Understanding De-Risking: A Breakdown of Financial Institutions' Risk Mitigation Strategies
Financial institutions are employing de-risking strategies to manage perceived higher risks associated with money laundering and terrorist financing. De-risking can take various forms, such as selective client onboarding, product and service limitations, termination of relations, and geographic restrictions [1].
One de-risking strategy is customer segmentation, which helps financial institutions identify and manage risks more effectively. Another strategy is transaction monitoring and reporting, used to identify and report suspicious activities [2].
A risk-based approach (RBA) is considered the best practice for implementing de-risking strategies. This approach involves identifying, assessing, and understanding the specific risks of money laundering and terrorist financing that an institution faces, and applying mitigation measures proportionate to those risks [1][3].
Key elements of a risk-based approach include comprehensive risk assessment, tailored controls, use of supervisory and analytical tools, documentation and transparency, avoiding overbroad de-risking, and leveraging technology.
Comprehensive risk assessment involves thorough assessments of an institution's ML/TF exposure by analysing customers, products, services, geographic location, and transaction types. This forms the foundation for targeted controls and enables more effective application of AML/CFT measures according to the level of risk identified [1][3].
Tailored controls mean that control measures and due diligence processes should be commensurate with the risk level. For higher-risk customers or sectors, enhanced due diligence is applied; for lower-risk ones, lighter measures may be sufficient. This flexibility helps target resources efficiently and helps to avoid unnecessary financial exclusion [1][3].
The use of supervisory and analytical tools, such as on-site inspections, supervisory stress tests, and data-driven analyses, support robust risk assessment and remediation of shortcomings. These tools promote prudent risk management, including conservative provisioning and risk-reducing lending practices [2].
Documentation and transparency are essential for demonstrating good-faith compliance and preparing institutions for regulatory scrutiny. Maintaining detailed, document-driven records of decisions and risk assessments helps ensure regulatory compliance and protects the institution [5].
Avoiding overbroad de-risking is crucial to prevent financial exclusion. While de-risking aims to reduce exposure to high-risk clients or sectors, institutions should avoid blanket avoidance that ignores individual risk profiles, which can cause financial exclusion [3].

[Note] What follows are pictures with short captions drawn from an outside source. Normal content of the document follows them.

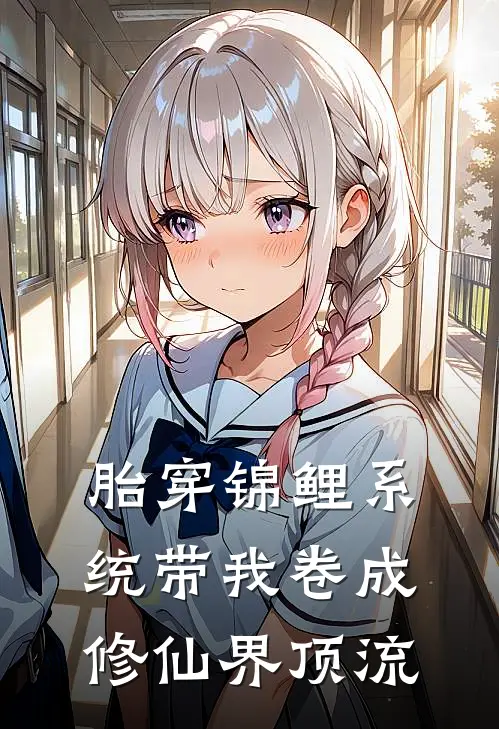 胎穿锦鲤系统带我卷成修仙界顶流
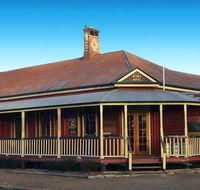 Maidenwell Hotel - Yamba Accommodation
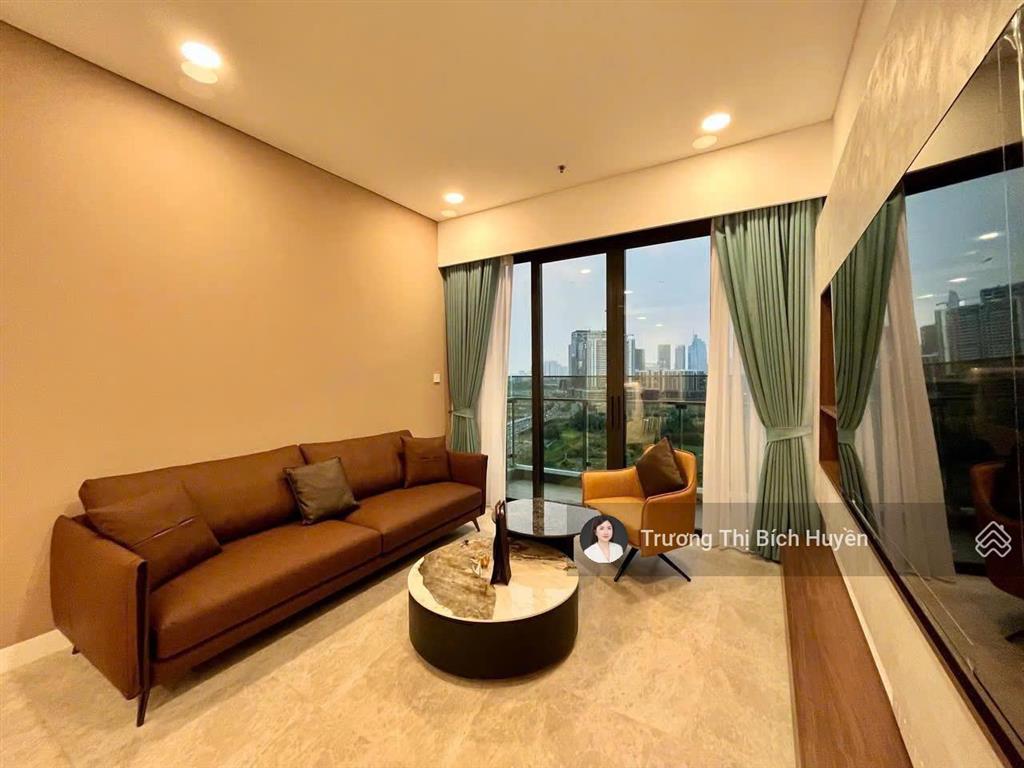 Bán hời cho thuê nhanh căn 3pn view ba son the river giá chỉ 65 triệu/th.  0908 027 *** huyền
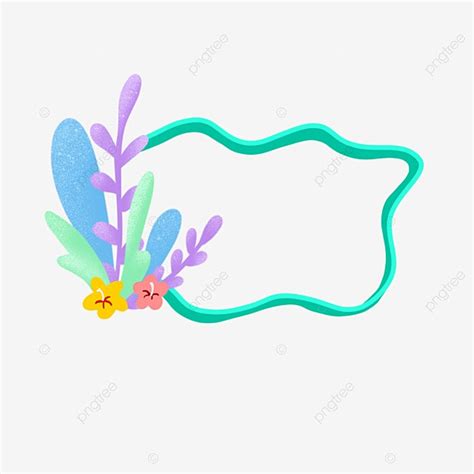 Small Border Clipart Transparent PNG Hd Small Fresh Series Border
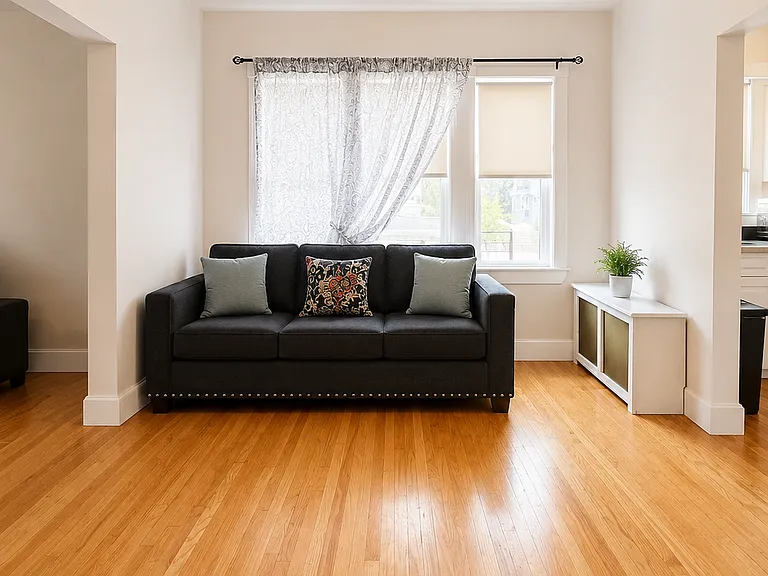 62 Mount Vernon St #A — Photo 4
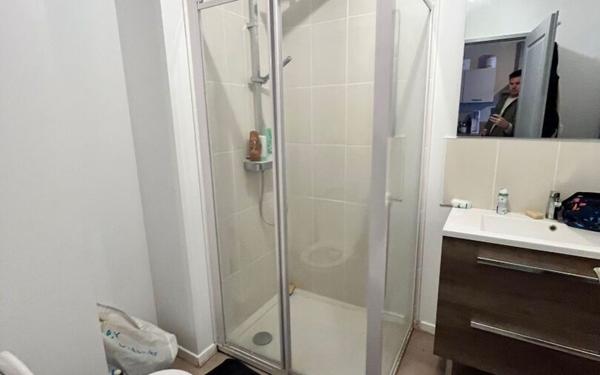 Appartement à louer    2 pièces •  Limoges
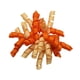 thumbnail image 1 of Nvzi 2 lazos para el pelo para niños y adolescentes, elásticos y rizados, para coletero, accesorios para el cabello, A02, 1 of 5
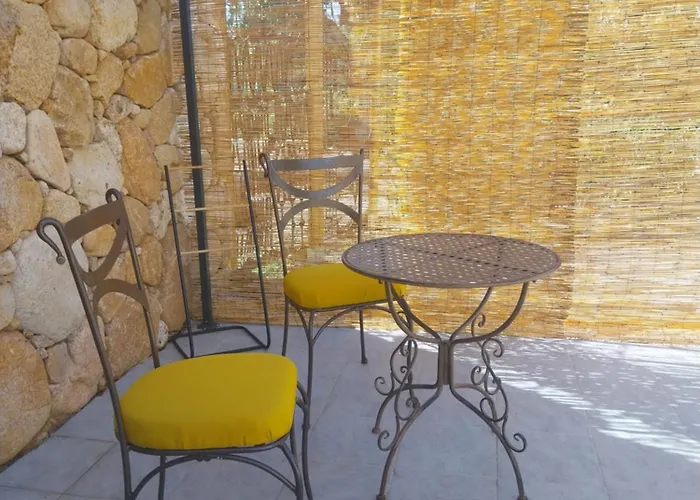 Casa Di Ramatta - Chez L'apicultrice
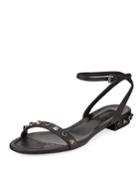 Rockstud Rolling Ankle-wrap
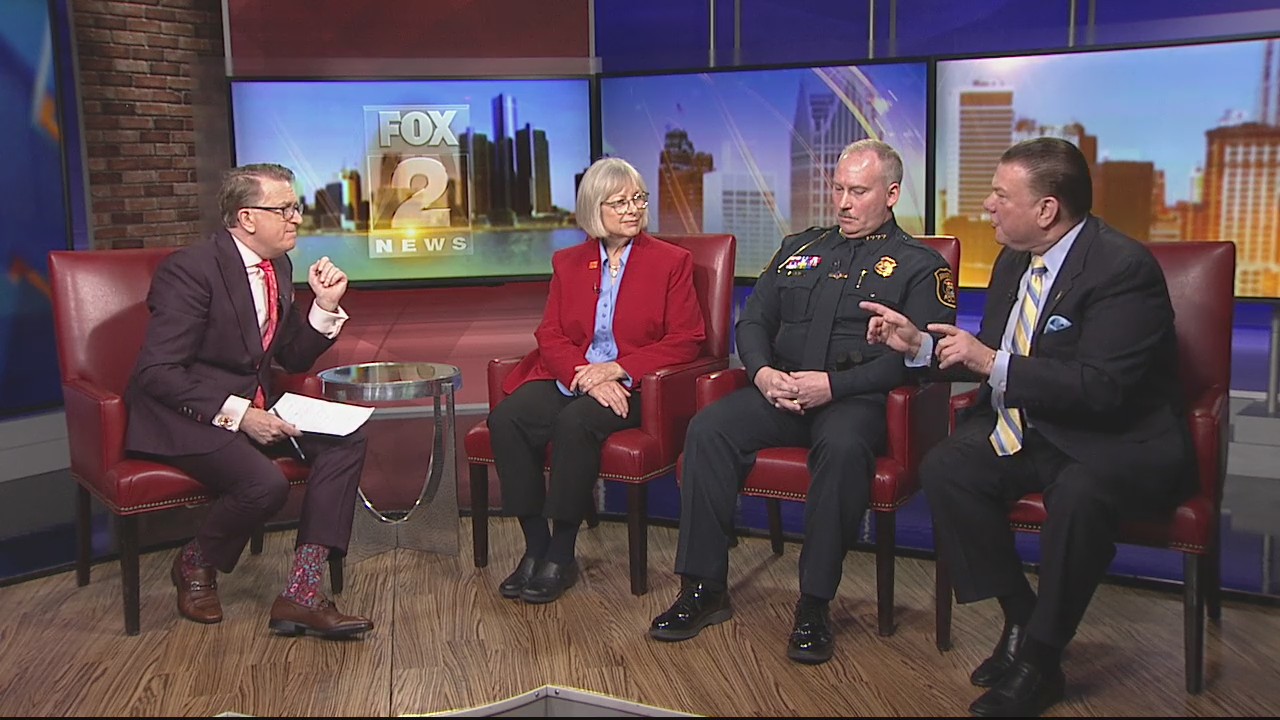 FOX 2's Charlie Langton weighs in on the 'red flag' laws and mental health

Leveraging technology, such as AI and data analytics, can enhance fraud detection and risk assessment capabilities, thereby supporting better-informed de-risking strategies [4].
De-risking can also help minimize reputational harm associated with high-risk customers, legal trouble for financial institutions, and operational failures. Regulators and international organizations have recognized the challenges posed by de-risking and have encouraged financial institutions to adopt risk-based approaches to AML compliance instead [6].
For further reading, a step-by-step guide and template for creating an Anti-Money Laundering (AML) policy is suggested. Additionally, adding extra identity and address verification layers is a de-risking best practice for high-risk users or those from greylisted countries. Implementing face authentication checks is another de-risking best practice [2].
In summary, best practices emphasize a calibrated, evidence-based approach to managing risks designed to ensure regulatory compliance, protect the institution, and mitigate unintended consequences such as financial exclusion.
References: [1] FATF (2013). The FATF Recommendations. [2] IMF (2017). De-risking and Financial Inclusion. [3] World Bank (2019). De-risking and Financial Exclusion: A Review of the Evidence and Policy Options. [4] AML RightSource (2020). The Role of AI in AML Compliance. [5] FSB (2016). Enhancing the Effectiveness of AML/CFT Measures: An Assessment of the Implementation of the FATF Recommendations. [6] G7 (2018). G7 Leaders' Declaration on Finance Track.
Financial institutions can implement a risk-based approach (RBA) to effectively manage money laundering and terrorist financing risks, as well as mitigate unintended consequences such as financial exclusion. This approach involves comprehensive risk assessment, tailored controls, the use of supervisory and analytical tools, documentation and transparency, avoiding overbroad de-risking, and leveraging technology for better fraud detection and risk assessment. For example, implementing face authentication checks and adding extra identity and address verification layers can be de-risking best practices for high-risk users or those from greylisted countries.